■ To do:
The response should consist of every line below, restated exactly, with no pictures.

"""

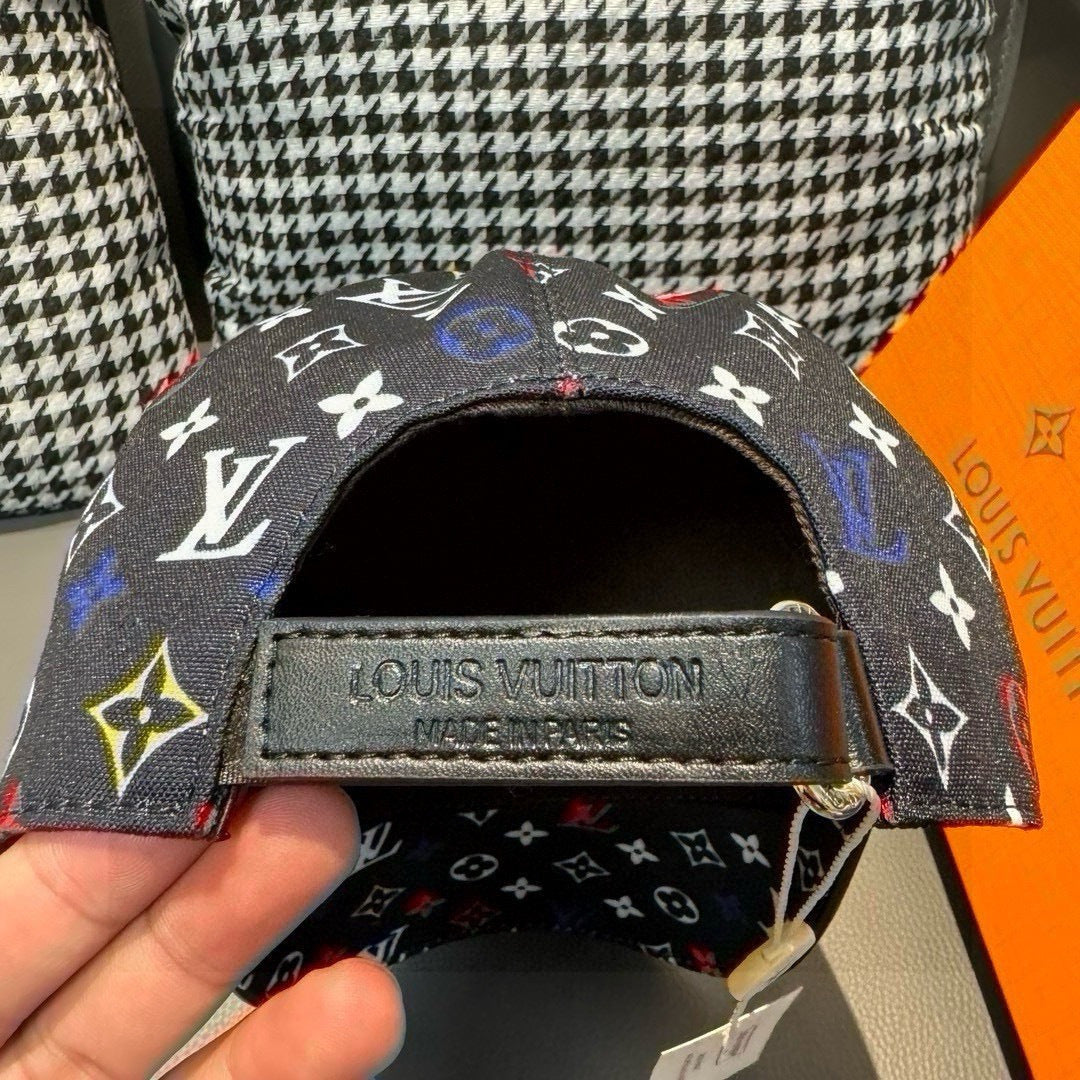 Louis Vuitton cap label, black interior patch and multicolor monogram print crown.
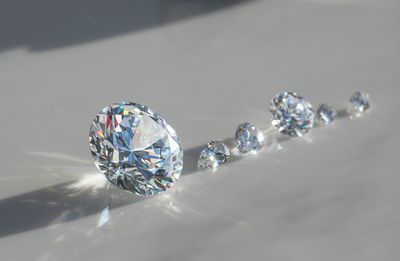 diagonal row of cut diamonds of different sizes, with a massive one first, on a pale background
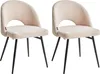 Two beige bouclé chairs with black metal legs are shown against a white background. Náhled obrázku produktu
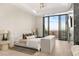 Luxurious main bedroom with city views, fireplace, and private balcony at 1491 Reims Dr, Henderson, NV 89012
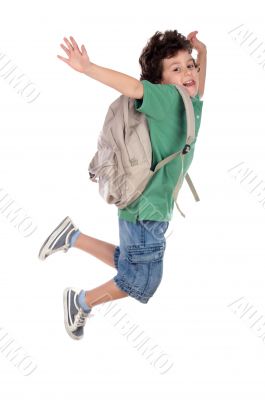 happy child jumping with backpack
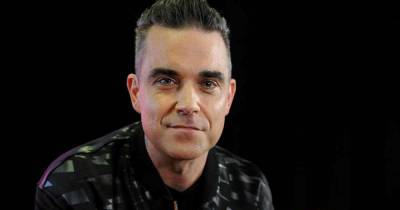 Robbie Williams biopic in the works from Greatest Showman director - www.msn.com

"""

■ Exercise solution:
 Louis Vuitton cap label, black interior patch and multicolor monogram print crown.
 diagonal row of cut diamonds of different sizes, with a massive one first, on a pale background
 Two beige bouclé chairs with black metal legs are shown against a white background. Náhled obrázku produktu
 Luxurious main bedroom with city views, fireplace, and private balcony at 1491 Reims Dr, Henderson, NV 89012
 happy child jumping with backpack
 Robbie Williams biopic in the works from Greatest Showman director - www.msn.com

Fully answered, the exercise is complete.